To do:
Across the entries, how many lines have the string "Royalty" in them? Reply with only a number.

Records for processing:
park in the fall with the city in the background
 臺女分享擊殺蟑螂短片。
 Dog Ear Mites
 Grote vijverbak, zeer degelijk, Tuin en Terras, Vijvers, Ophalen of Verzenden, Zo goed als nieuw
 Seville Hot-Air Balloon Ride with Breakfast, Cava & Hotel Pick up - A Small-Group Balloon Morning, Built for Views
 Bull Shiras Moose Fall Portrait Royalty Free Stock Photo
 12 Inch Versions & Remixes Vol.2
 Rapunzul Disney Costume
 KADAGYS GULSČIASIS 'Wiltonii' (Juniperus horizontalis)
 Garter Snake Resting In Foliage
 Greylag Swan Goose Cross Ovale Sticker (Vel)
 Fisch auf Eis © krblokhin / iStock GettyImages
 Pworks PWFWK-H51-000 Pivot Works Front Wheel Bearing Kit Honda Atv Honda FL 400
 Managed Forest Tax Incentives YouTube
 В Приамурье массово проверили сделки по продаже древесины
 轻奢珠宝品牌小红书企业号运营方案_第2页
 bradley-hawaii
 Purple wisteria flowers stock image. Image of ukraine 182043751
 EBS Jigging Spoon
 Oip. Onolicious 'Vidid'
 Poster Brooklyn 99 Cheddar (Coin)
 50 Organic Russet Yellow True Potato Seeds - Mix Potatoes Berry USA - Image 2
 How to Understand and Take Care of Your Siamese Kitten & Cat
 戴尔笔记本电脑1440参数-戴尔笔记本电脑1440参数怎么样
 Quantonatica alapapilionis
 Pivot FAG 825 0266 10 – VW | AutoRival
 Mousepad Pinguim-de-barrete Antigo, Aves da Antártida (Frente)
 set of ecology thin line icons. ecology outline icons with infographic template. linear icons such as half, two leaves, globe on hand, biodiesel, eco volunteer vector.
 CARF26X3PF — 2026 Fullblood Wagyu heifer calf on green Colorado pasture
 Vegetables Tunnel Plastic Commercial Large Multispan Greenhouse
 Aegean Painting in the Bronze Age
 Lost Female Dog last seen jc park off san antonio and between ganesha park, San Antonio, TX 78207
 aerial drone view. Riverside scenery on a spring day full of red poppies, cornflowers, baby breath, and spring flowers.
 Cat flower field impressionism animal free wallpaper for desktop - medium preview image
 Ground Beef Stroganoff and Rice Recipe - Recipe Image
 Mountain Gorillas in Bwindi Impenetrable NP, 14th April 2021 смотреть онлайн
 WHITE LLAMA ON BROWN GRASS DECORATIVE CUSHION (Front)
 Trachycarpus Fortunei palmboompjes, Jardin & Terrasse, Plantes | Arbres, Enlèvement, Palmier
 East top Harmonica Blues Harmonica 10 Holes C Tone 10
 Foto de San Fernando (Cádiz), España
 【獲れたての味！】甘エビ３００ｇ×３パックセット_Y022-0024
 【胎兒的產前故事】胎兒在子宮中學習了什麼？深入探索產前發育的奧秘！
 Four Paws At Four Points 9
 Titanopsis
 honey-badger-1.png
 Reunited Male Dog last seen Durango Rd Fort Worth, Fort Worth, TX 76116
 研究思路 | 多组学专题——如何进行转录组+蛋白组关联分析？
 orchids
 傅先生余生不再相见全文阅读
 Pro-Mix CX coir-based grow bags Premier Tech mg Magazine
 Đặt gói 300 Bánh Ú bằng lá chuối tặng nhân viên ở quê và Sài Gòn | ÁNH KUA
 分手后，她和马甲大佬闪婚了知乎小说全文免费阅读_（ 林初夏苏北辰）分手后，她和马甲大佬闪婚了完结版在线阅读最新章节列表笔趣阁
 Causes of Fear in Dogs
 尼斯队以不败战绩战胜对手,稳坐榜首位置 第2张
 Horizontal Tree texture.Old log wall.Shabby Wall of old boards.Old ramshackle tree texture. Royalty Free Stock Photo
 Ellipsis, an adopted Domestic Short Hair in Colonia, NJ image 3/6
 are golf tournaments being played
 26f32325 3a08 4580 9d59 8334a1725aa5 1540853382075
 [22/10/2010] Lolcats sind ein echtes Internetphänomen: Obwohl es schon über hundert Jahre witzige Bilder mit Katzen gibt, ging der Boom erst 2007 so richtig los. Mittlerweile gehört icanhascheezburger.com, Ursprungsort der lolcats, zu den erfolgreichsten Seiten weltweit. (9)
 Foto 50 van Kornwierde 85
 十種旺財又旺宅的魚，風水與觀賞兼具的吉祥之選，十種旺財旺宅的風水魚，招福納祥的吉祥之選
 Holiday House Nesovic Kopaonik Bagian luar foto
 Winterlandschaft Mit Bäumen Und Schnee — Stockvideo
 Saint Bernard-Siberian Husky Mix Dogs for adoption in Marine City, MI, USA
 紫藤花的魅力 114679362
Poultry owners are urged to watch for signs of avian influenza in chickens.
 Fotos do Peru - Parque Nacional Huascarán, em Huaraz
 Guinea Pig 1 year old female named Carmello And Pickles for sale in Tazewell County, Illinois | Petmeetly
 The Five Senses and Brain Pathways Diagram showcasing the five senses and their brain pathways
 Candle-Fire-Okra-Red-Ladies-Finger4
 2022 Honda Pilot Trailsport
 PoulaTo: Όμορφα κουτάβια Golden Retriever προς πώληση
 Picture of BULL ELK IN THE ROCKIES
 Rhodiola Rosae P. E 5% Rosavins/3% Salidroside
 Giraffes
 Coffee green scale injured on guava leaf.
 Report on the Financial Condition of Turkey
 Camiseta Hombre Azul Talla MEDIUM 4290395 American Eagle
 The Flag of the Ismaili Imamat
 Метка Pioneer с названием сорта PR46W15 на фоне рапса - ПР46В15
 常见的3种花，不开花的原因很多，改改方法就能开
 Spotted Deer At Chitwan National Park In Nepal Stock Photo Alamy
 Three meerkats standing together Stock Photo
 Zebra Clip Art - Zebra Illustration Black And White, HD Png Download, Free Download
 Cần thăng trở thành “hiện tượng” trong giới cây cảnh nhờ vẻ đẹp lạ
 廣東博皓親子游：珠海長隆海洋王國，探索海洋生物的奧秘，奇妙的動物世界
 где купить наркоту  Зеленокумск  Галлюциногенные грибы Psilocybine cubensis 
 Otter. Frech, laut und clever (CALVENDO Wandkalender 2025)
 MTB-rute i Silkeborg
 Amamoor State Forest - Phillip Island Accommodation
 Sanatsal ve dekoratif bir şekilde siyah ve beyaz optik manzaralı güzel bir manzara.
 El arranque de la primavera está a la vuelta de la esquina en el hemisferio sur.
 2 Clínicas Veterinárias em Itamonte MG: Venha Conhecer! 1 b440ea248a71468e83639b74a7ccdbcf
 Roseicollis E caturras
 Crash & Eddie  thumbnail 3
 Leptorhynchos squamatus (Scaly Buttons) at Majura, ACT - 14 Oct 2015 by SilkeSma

Response to this exercise:
2